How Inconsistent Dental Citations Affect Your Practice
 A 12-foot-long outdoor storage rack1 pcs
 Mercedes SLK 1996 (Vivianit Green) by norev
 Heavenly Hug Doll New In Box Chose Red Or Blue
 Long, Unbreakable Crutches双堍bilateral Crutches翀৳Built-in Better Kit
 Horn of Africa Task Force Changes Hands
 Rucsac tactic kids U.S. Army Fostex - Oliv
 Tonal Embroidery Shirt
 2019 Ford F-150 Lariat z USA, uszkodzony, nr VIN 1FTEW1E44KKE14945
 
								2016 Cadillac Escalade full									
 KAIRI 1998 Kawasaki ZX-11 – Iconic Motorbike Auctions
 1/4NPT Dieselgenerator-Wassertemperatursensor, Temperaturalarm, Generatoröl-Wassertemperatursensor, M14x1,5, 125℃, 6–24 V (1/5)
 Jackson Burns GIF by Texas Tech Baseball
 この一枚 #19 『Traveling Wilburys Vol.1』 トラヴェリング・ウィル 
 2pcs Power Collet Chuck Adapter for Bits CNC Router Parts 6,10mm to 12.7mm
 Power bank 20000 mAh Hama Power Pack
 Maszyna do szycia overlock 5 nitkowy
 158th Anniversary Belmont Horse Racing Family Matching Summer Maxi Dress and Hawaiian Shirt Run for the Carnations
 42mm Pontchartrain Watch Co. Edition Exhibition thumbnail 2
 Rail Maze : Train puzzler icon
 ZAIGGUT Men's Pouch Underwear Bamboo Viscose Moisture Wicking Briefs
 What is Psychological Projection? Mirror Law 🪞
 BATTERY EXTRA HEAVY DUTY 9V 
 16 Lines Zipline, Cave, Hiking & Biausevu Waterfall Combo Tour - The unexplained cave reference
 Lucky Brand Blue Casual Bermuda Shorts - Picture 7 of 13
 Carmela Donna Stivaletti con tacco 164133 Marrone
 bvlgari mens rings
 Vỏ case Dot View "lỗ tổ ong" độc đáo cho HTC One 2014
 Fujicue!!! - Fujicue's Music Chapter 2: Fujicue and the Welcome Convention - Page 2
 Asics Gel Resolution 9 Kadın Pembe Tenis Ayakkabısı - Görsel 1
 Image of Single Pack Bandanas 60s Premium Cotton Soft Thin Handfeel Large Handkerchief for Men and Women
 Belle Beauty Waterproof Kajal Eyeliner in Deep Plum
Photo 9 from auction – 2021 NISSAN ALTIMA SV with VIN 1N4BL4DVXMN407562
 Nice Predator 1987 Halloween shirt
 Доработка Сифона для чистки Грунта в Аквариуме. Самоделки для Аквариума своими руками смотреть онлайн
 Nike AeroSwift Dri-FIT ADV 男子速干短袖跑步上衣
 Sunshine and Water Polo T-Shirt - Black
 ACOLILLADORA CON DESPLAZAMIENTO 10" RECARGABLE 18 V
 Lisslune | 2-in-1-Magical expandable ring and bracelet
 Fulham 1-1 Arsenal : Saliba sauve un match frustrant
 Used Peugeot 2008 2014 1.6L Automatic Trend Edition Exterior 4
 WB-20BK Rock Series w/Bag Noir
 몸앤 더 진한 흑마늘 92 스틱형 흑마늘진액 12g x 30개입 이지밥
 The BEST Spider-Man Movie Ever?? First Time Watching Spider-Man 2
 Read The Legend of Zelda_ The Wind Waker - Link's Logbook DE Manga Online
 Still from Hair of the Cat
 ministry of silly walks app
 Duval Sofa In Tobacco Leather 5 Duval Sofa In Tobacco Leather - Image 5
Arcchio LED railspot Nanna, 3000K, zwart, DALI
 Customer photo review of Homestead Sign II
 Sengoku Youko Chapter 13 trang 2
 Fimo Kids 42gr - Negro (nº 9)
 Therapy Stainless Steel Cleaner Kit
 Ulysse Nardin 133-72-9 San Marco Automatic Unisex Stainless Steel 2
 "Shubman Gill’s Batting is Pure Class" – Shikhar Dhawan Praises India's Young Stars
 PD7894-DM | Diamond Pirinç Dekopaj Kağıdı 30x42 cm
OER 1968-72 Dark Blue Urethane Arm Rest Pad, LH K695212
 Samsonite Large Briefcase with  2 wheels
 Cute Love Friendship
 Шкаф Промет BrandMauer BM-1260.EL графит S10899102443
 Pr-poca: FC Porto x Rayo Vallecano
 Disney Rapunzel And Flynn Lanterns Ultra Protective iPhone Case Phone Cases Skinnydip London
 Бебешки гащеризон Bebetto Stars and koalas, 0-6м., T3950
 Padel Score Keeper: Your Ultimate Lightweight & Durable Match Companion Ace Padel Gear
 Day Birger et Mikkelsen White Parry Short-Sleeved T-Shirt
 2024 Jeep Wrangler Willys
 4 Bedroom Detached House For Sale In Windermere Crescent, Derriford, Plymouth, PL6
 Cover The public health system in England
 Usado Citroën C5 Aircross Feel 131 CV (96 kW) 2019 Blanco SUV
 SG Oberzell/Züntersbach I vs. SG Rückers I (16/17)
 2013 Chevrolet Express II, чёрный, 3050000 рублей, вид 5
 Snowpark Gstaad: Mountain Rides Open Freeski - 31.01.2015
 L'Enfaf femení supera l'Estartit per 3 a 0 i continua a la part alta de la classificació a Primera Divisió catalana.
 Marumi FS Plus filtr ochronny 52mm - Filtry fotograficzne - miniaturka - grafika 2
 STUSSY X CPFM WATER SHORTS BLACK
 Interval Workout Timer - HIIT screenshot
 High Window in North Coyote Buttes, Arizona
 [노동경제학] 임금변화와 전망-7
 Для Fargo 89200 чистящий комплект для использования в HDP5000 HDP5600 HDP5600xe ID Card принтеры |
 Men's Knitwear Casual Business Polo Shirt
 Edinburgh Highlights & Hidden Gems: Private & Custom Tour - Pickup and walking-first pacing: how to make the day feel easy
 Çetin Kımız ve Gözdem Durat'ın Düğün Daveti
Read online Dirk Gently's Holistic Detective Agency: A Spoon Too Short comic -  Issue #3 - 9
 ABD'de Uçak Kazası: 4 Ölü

▶ Directions
Nothing in the records should change when you repeat them all.

▶ Written reply
How Inconsistent Dental Citations Affect Your Practice
 A 12-foot-long outdoor storage rack1 pcs
 Mercedes SLK 1996 (Vivianit Green) by norev
 Heavenly Hug Doll New In Box Chose Red Or Blue
 Long, Unbreakable Crutches双堍bilateral Crutches翀৳Built-in Better Kit
 Horn of Africa Task Force Changes Hands
 Rucsac tactic kids U.S. Army Fostex - Oliv
 Tonal Embroidery Shirt
 2019 Ford F-150 Lariat z USA, uszkodzony, nr VIN 1FTEW1E44KKE14945
 
								2016 Cadillac Escalade full									
 KAIRI 1998 Kawasaki ZX-11 – Iconic Motorbike Auctions
 1/4NPT Dieselgenerator-Wassertemperatursensor, Temperaturalarm, Generatoröl-Wassertemperatursensor, M14x1,5, 125℃, 6–24 V (1/5)
 Jackson Burns GIF by Texas Tech Baseball
 この一枚 #19 『Traveling Wilburys Vol.1』 トラヴェリング・ウィル 
 2pcs Power Collet Chuck Adapter for Bits CNC Router Parts 6,10mm to 12.7mm
 Power bank 20000 mAh Hama Power Pack
 Maszyna do szycia overlock 5 nitkowy
 158th Anniversary Belmont Horse Racing Family Matching Summer Maxi Dress and Hawaiian Shirt Run for the Carnations
 42mm Pontchartrain Watch Co. Edition Exhibition thumbnail 2
 Rail Maze : Train puzzler icon
 ZAIGGUT Men's Pouch Underwear Bamboo Viscose Moisture Wicking Briefs
 What is Psychological Projection? Mirror Law 🪞
 BATTERY EXTRA HEAVY DUTY 9V 
 16 Lines Zipline, Cave, Hiking & Biausevu Waterfall Combo Tour - The unexplained cave reference
 Lucky Brand Blue Casual Bermuda Shorts - Picture 7 of 13
 Carmela Donna Stivaletti con tacco 164133 Marrone
 bvlgari mens rings
 Vỏ case Dot View "lỗ tổ ong" độc đáo cho HTC One 2014
 Fujicue!!! - Fujicue's Music Chapter 2: Fujicue and the Welcome Convention - Page 2
 Asics Gel Resolution 9 Kadın Pembe Tenis Ayakkabısı - Görsel 1
 Image of Single Pack Bandanas 60s Premium Cotton Soft Thin Handfeel Large Handkerchief for Men and Women
 Belle Beauty Waterproof Kajal Eyeliner in Deep Plum
Photo 9 from auction – 2021 NISSAN ALTIMA SV with VIN 1N4BL4DVXMN407562
 Nice Predator 1987 Halloween shirt
 Доработка Сифона для чистки Грунта в Аквариуме. Самоделки для Аквариума своими руками смотреть онлайн
 Nike AeroSwift Dri-FIT ADV 男子速干短袖跑步上衣
 Sunshine and Water Polo T-Shirt - Black
 ACOLILLADORA CON DESPLAZAMIENTO 10" RECARGABLE 18 V
 Lisslune | 2-in-1-Magical expandable ring and bracelet
 Fulham 1-1 Arsenal : Saliba sauve un match frustrant
 Used Peugeot 2008 2014 1.6L Automatic Trend Edition Exterior 4
 WB-20BK Rock Series w/Bag Noir
 몸앤 더 진한 흑마늘 92 스틱형 흑마늘진액 12g x 30개입 이지밥
 The BEST Spider-Man Movie Ever?? First Time Watching Spider-Man 2
 Read The Legend of Zelda_ The Wind Waker - Link's Logbook DE Manga Online
 Still from Hair of the Cat
 ministry of silly walks app
 Duval Sofa In Tobacco Leather 5 Duval Sofa In Tobacco Leather - Image 5
Arcchio LED railspot Nanna, 3000K, zwart, DALI
 Customer photo review of Homestead Sign II
 Sengoku Youko Chapter 13 trang 2
 Fimo Kids 42gr - Negro (nº 9)
 Therapy Stainless Steel Cleaner Kit
 Ulysse Nardin 133-72-9 San Marco Automatic Unisex Stainless Steel 2
 "Shubman Gill’s Batting is Pure Class" – Shikhar Dhawan Praises India's Young Stars
 PD7894-DM | Diamond Pirinç Dekopaj Kağıdı 30x42 cm
OER 1968-72 Dark Blue Urethane Arm Rest Pad, LH K695212
 Samsonite Large Briefcase with  2 wheels
 Cute Love Friendship
 Шкаф Промет BrandMauer BM-1260.EL графит S10899102443
 Pr-poca: FC Porto x Rayo Vallecano
 Disney Rapunzel And Flynn Lanterns Ultra Protective iPhone Case Phone Cases Skinnydip London
 Бебешки гащеризон Bebetto Stars and koalas, 0-6м., T3950
 Padel Score Keeper: Your Ultimate Lightweight & Durable Match Companion Ace Padel Gear
 Day Birger et Mikkelsen White Parry Short-Sleeved T-Shirt
 2024 Jeep Wrangler Willys
 4 Bedroom Detached House For Sale In Windermere Crescent, Derriford, Plymouth, PL6
 Cover The public health system in England
 Usado Citroën C5 Aircross Feel 131 CV (96 kW) 2019 Blanco SUV
 SG Oberzell/Züntersbach I vs. SG Rückers I (16/17)
 2013 Chevrolet Express II, чёрный, 3050000 рублей, вид 5
 Snowpark Gstaad: Mountain Rides Open Freeski - 31.01.2015
 L'Enfaf femení supera l'Estartit per 3 a 0 i continua a la part alta de la classificació a Primera Divisió catalana.
 Marumi FS Plus filtr ochronny 52mm - Filtry fotograficzne - miniaturka - grafika 2
 STUSSY X CPFM WATER SHORTS BLACK
 Interval Workout Timer - HIIT screenshot
 High Window in North Coyote Buttes, Arizona
 [노동경제학] 임금변화와 전망-7
 Для Fargo 89200 чистящий комплект для использования в HDP5000 HDP5600 HDP5600xe ID Card принтеры |
 Men's Knitwear Casual Business Polo Shirt
 Edinburgh Highlights & Hidden Gems: Private & Custom Tour - Pickup and walking-first pacing: how to make the day feel easy
 Çetin Kımız ve Gözdem Durat'ın Düğün Daveti
Read online Dirk Gently's Holistic Detective Agency: A Spoon Too Short comic -  Issue #3 - 9
 ABD'de Uçak Kazası: 4 Ölü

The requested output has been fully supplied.